Re: definition of "unlinkable data" in the Compliance spec from David Wainberg on 2012-09-22 (public-tracking@w3.org from September 2012)

From: David Wainberg <david@networkadvertising.org>
Date: Sat, 22 Sep 2012 15:24:00 -0400
To: Joseph Lorenzo Hall <joe@cdt.org>
CC: Shane Wiley <wileys@yahoo-inc.com>, Ed Felten <ed@felten.com>, "Grimmelmann, James" <James.Grimmelmann@nyls.edu>, "<public-tracking@w3.org>" <public-tracking@w3.org>
Message-ID: <505E1050.10205@networkadvertising.org>
One thing that strikes me as odd about this discussion is the 
possibility we might apply higher standards for information security on 
third party advertising businesses who hold anonymous/pseudonymous 
interest data than we do on other parties who have true PII or other 
more sensitive data. How much effort is it reasonable to require to 
protect against data breach for anonymous/pseudonymous data used for 
online advertising? Or, to put it another way, given the limited value 
of the data, how likely is it to be breached and misused? I agree that 
some effort at protecting it is needed, we as always we need to tune the 
level of security based on the cost and the risk. Absolute security 
seems unwarranted, unreasonable, and infeasible in this case. What Shane 
has been proposing seems very reasonable and feasible for real-world 
application.

On 9/22/12 1:31 PM, Joseph Lorenzo Hall wrote:
> We've seen numerous examples lately of data breaches where salted, 
> hashed data with a small input space have been "unhashed", revealing 
> sensitive information. While you tend to think in terms of IPv6, we 
> need to have some notion of what is good enough (technically or via 
> policy) and when we need to reevaluate this with changes in things 
> that tend to increas linkability (computational power, bankruptcy that 
> might provide incentives for de-silo'ing).
>
> Ed is probably not well described as an advocate, but I get your gist.
>
> best, Joe
>
> -- 
> Joseph Lorenzo Hall
> Senior Staff Technologist
> Center for Democracy & Technology
> https://www.cdt.org/
>
> On Sep 22, 2012, at 12:42, Shane Wiley <wileys@yahoo-inc.com 
> <mailto:wileys@yahoo-inc.com>> wrote:
>
>> Ed,
>>
>> Not “easy” if the salt/key is strongly protected and/or 
>> rotated/destroyed on a regular basis.  A dictionary attack requires 
>> either the raw data or access to the salt key – neither of which 
>> should be made easy/possible.  I tend to see the IP Address issue 
>> through the lens of IPv6 these days which further creates barriers to 
>> what you position as “easy to recover”.
>>
>> The advocacy side of the group tends to lean towards absolutist terms 
>> and solutions – the real world isn’t that easy even if it feels that 
>> way in a classroom or a small lab.
>>
>> - Shane
>>
>> *From:*Ed Felten [mailto:ed@felten.com]

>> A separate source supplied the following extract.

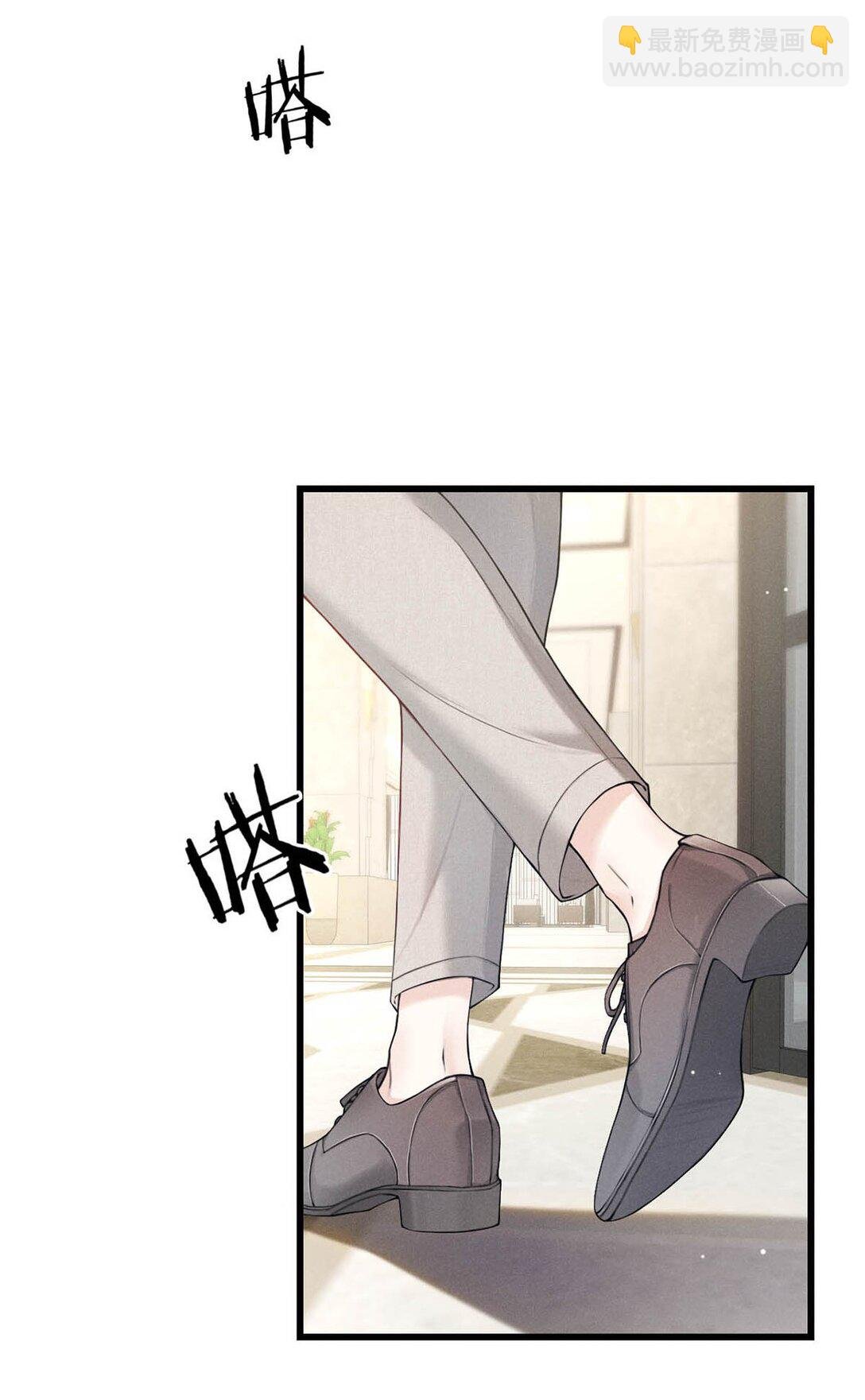 001 被迫诱导发情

>> *Sent:* Saturday, September 22, 2012 5:30 AM
>> *To:* Shane Wiley
>> *Cc:* Grimmelmann, James; <public-tracking@w3.org 
>> <mailto:public-tracking@w3.org>>
>> *Subject:* Re: definition of "unlinkable data" in the Compliance spec
>>
>> It's easy to recover hashed IP addresses if they're hashed as a whole 
>> (and not per-octet).   An straightforward dictionary attack will work 
>> against all IPv4 addresses.  Even a dumb brute-force search over the 
>> entire 32-bit space is feasible.  IPv6 is a bit more 
>> complicated--some will be recoverable and some won't, depending on 
>> details of address allocation.
>>
>> On Fri, Sep 21, 2012 at 1:16 PM, Shane Wiley <wileys@yahoo-inc.com 
>> <mailto:wileys@yahoo-inc.com>> wrote:
>>
>> Ed,
>>
>> I disagree with the concept of “easy to recover” as I’m not 
>> suggesting hashing the individual octets but rather the entire IP 
>> Address (not a single octet or individualized octet hashing) – 
>> especially as you apply this to IPv6.  With the appropriate level of 
>> access to raw and hashed datasets, the necessary tools, and the 
>> intent, some anonymization schemes can be hacked (dictionary attacks 
>> being the most straight forward).  I don’t believe the goal here is 
>> an absolutist one (aka “completed destruction of identifiers”) and 
>> that is why “commercially reasonable” is the appropriate outcome.
>>
>> - Shane
>>
>> *From:*Ed Felten [mailto:ed@felten.com <mailto:ed@felten.com>]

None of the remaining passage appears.